Si les flèches messines signalaient des refuges souterrains, la flèche que l'on peut décider de lire dans l'arche sainte de la synagogue pointe dans la direction opposée. Cette direction qu'elle nous indique, nous pouvons l'emprunter du regard, remonter le long du mur et atteindre très vite l’oculus occulté, comme un œil fermé, un soleil devenu lune. Nous pouvons monter encore et déverser les yeux dans le dôme qui nous surplombe ; reconstruit dans l'après-guerre, suite à sa destruction par des soldats allemands, en 1944. En s'attardant dans le dôme, le regard déborde finalement. Il fuite vers le ciel, à travers les briques de verre, et c'est peut-être bien ce à quoi l'arche devenue flèche, et à travers elle la synagogue toute entière, nous invite : à trouver refuge au beau milieu du ciel.
Un ciel qui n'est pas forcément spirituel, pas seulement du moins ; un ciel d'oiseaux aussi, de montgolfières (puisque des montgolfières furent cousues à Delme). Un ciel à habiter donc. Un ciel pour prendre de la hauteur, du recul, pour peser et poser les choses, pour respirer, pour mieux voir.

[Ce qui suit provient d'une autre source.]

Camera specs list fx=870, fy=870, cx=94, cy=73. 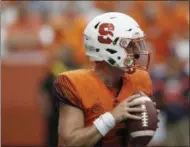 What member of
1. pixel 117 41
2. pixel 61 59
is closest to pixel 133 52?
pixel 117 41

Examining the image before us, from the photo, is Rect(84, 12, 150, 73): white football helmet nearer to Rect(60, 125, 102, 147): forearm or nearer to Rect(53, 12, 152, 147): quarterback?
Rect(53, 12, 152, 147): quarterback

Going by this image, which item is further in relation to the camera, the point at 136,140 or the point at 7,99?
the point at 7,99

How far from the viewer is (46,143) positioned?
30.0 ft

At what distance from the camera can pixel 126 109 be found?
4.25 meters

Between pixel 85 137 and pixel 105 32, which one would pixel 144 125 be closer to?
pixel 85 137

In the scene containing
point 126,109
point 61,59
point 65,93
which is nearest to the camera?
point 126,109

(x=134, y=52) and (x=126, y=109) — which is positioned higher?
(x=134, y=52)

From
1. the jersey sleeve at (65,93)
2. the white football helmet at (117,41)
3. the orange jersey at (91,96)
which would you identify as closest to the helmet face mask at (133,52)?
the white football helmet at (117,41)

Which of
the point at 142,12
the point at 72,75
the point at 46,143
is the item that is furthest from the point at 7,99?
the point at 72,75

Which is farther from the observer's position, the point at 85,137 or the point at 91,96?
the point at 91,96

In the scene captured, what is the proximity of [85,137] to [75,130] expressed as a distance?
0.24ft

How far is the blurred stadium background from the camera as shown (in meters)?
9.13

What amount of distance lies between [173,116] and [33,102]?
5.54 ft

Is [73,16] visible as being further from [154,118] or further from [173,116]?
[154,118] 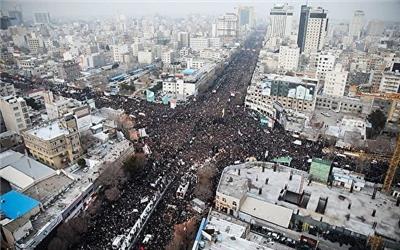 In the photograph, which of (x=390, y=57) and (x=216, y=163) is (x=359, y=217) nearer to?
(x=216, y=163)

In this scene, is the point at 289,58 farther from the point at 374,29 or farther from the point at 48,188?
the point at 374,29

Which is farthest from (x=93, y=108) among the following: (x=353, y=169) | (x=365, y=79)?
(x=365, y=79)

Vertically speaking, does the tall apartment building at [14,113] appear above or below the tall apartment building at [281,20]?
below

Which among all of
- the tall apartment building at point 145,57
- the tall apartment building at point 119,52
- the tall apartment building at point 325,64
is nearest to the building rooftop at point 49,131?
the tall apartment building at point 325,64

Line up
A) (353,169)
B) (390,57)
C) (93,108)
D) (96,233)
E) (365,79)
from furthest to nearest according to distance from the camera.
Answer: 1. (390,57)
2. (365,79)
3. (93,108)
4. (353,169)
5. (96,233)

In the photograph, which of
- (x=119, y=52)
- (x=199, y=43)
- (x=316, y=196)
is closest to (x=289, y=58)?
(x=199, y=43)

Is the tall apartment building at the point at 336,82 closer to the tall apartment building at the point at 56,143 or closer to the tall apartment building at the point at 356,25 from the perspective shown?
the tall apartment building at the point at 56,143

Puisque dans ce glissement funambule du cultuel au culturel qu'opère la synagogue depuis 30 ans, il doit bien être question de ça aussi. De respirer et de mieux voir.


  1. Michaël Landolt, Quelques vestiges des abris de la défense passive dans l’agglomération messine (1937-1944), Le Pays Lorrain, 95-1, mars 2014, p. 71-78.